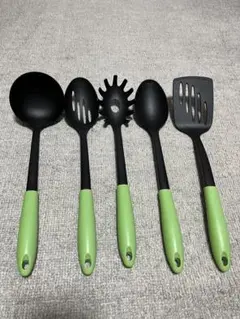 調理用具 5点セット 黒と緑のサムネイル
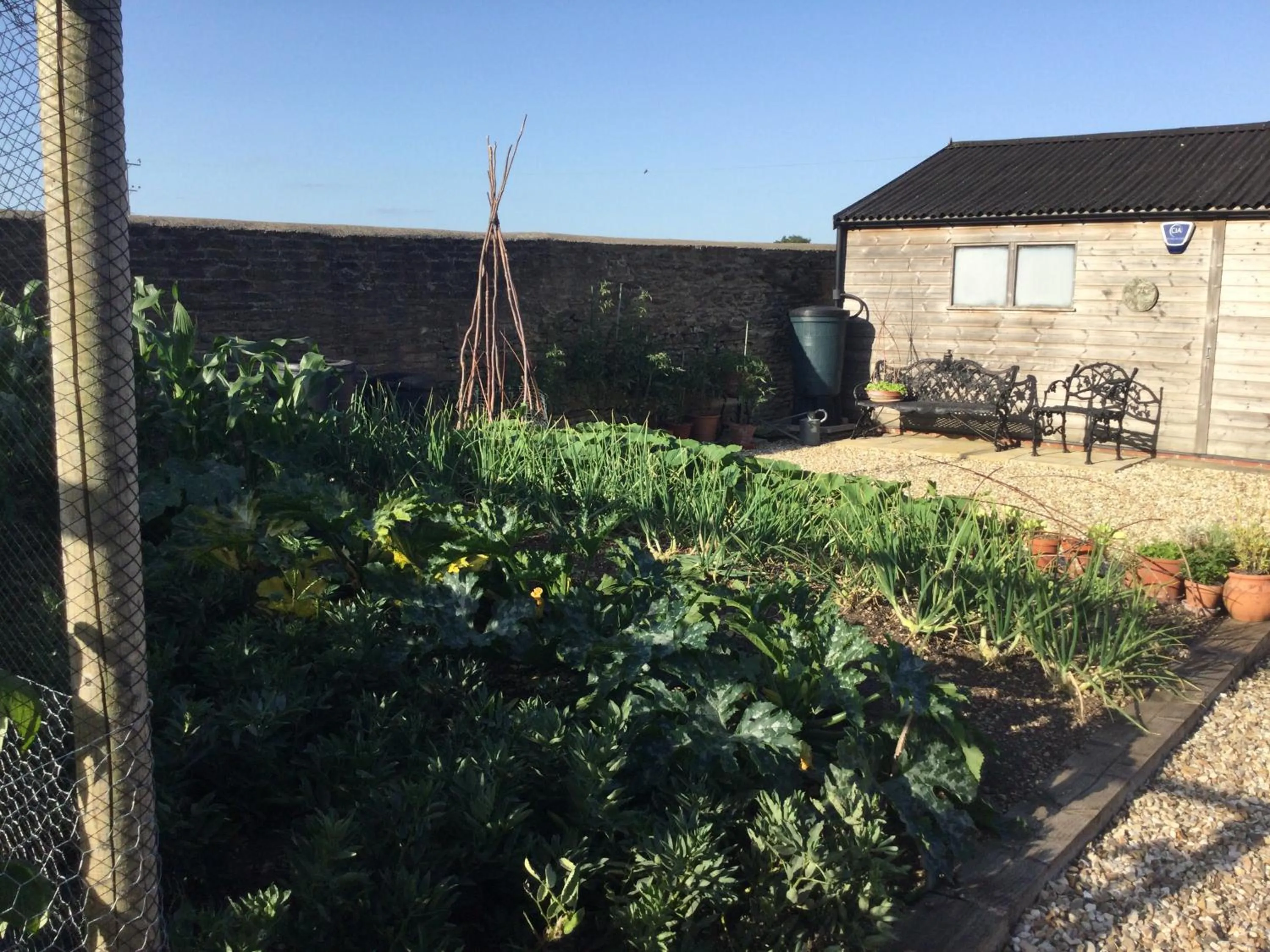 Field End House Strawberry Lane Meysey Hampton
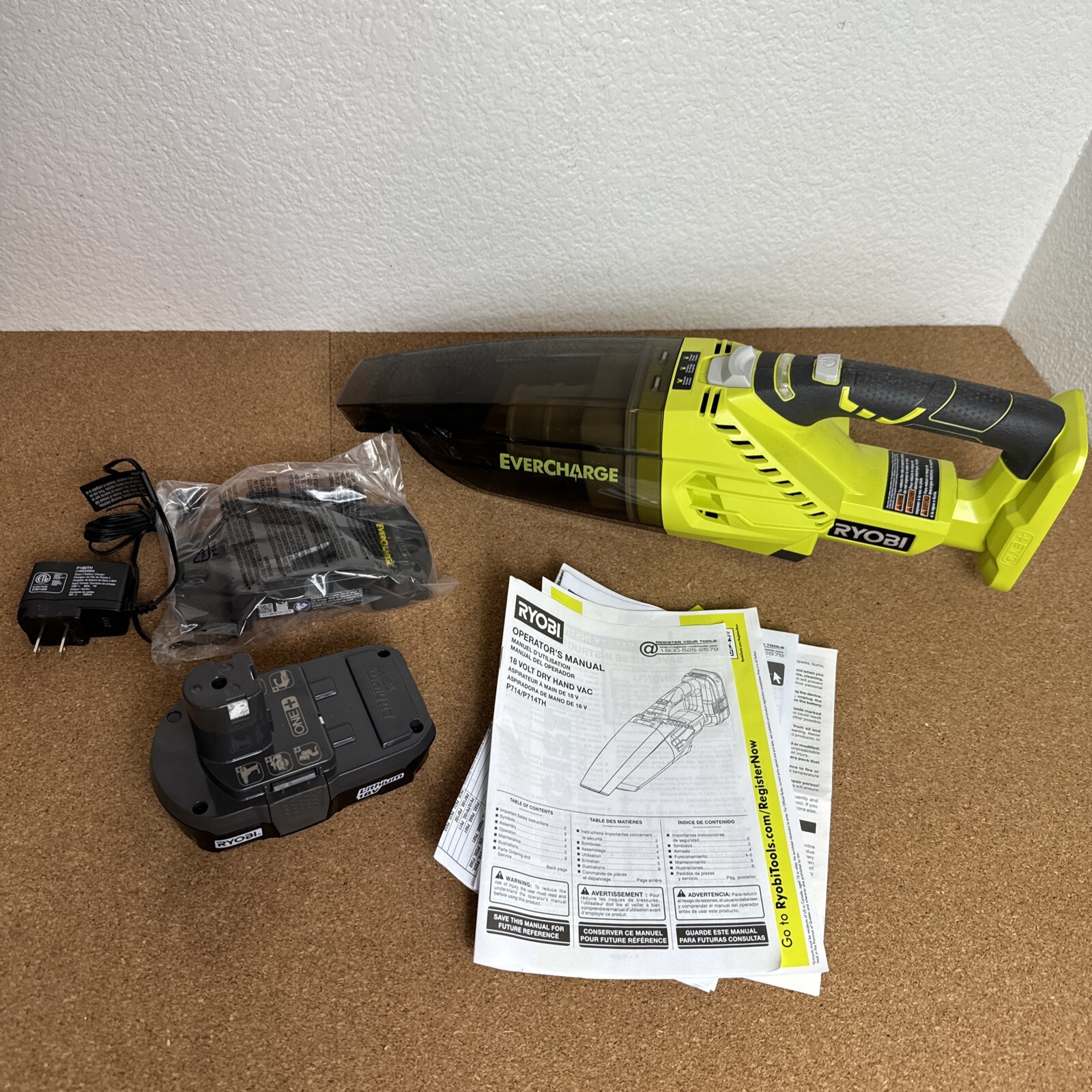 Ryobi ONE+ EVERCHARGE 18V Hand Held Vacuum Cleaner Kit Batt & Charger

————————

- [Task requirements]
Repeat the listing exactly, minus its pictures.

- [Exercise response]
 調理用具 5点セット 黒と緑のサムネイル
 Field End House Strawberry Lane Meysey Hampton
 Ryobi ONE+ EVERCHARGE 18V Hand Held Vacuum Cleaner Kit Batt & Charger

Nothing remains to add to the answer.